The energy had been building long before kick-off.

Outside the stadium, traditional performers worked the crowds, drums echoing, dancers in full costume spinning for cameras and kids. Inside, 80,000 fans crammed into their seats and then rarely used them. The sound hit you first: a constant, rolling roar that rose and dipped with every image on the big screen.

When the opening ceremony rolled out, the crowd sang along, especially when Shakira appeared. The World Cup queen still owns these stages, and Mexico responded in kind. But that was just the prelude.

The real, bone-deep roars were saved for the goals. The first eruption felt like a pressure valve finally giving way. The second, Raúl Jiménez’s header, carried something extra. Years after the horrific head injury that threatened his career, his leap and finish were met not just with joy, but with something closer to collective relief. A comeback completed on the biggest possible stage, in front of his own people.

Later, another kind of noise swept through the stands. When 17-year-old Gilberto Mora came on in the second half, the stadium did not hesitate. His name rolled around the bowl, a unanimous chant for a teenager many here believe will change the face of the game in Mexico. That sort of reception is not handed out lightly.

On the touchline, coach Javier Aguirre understood what his players were carrying. He has lived this before, as a player at the 1986 World Cup on home soil. He called the start of a World Cup “a brutal scenario,” the kind of occasion that makes legs tremble. From the quiet of the training centre to streets jammed with fans, the jump is jarring.

He pointed to something telling: in 25 previous matches, Mexico had not had a single case of cramps. On this night, three players went down with them. Not from a lack of fitness, he insisted, but from the sheer emotional overload of the occasion. The body tightens when the heart is racing.

The squad now has to switch off the noise, put a lid on the adrenaline, and prepare for the next group game. Their supporters have no such obligation. For them, the lid has been blown clean off.

“It means everything. It means a lot,” said one fan in the throng. “It’s putting us back on the map. It shows that Mexico is present in the world of football.”

Infantino’s “chillax” and the bigger questions

High up the hierarchy, Gianni Infantino will have watched all this with no small amount of satisfaction.

On the eve of the tournament, the FIFA president bristled at the criticism aimed at his organisation. He dipped into early-2000s slang and told everyone to “chillax.” Now, with the football finally underway and Mexico throwing a city-wide party, he has the scenes he craved: full stadiums, fevered streets, and a host nation in love with the event.

For the moment, the mood music suits him. The chill pills, as he might put it, have been swallowed. The party is on.

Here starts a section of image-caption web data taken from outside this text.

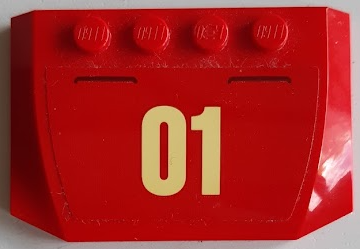 Wedge 4 x 6 x 2/3 Triple Curved with Bright Light Yellow '01' on Red Background Pattern (Sticker) - Set 60215, 52031pb172 Red U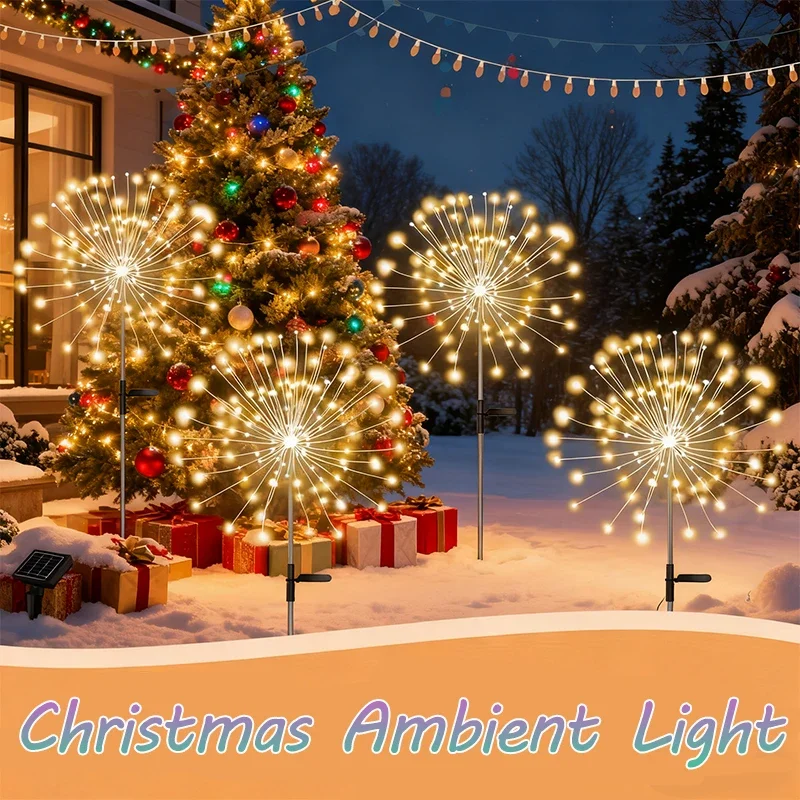 Solar Christmas Firework Lights Outdoor, LED Dandelion Lawn Lamp for Xmas Decor, Waterproof Garden Pathway Atmosphere Lighting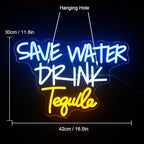 Save Water Drink Tequila Neon Sign Led Neon Lights for Wall Decor Usb Light Up Signs for Home Beer Bar Bedroom Restaurant Man Cave Cafe Bistro Club Party Decorations Gift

But the scrutiny has not vanished. It has just been drowned out temporarily by drums and horns.

Mexico lives and breathes this sport, yet across the border the picture is different. In Canada and the United States, “soccer” still trails other codes in the national pecking order. The star-studded fixtures will draw huge crowds, but what about the rest? Will high ticket prices keep casual fans away from the lesser lights on the schedule?

There is another, sharper concern in the US: the looming presence of Immigration and Customs Enforcement, ICE. How visible will it be around matches? How will that affect migrant communities who might otherwise flock to see the world’s game in their adopted home?

Those questions will not go away. They will only grow louder as the tournament moves north and the stakes rise.

For now, though, Mexico has claimed opening night. The football spoke first, and the city answered with a roar. The real test lies ahead: can this World Cup keep that sound echoing from Mexico City all the way to the final whistle on North American soil?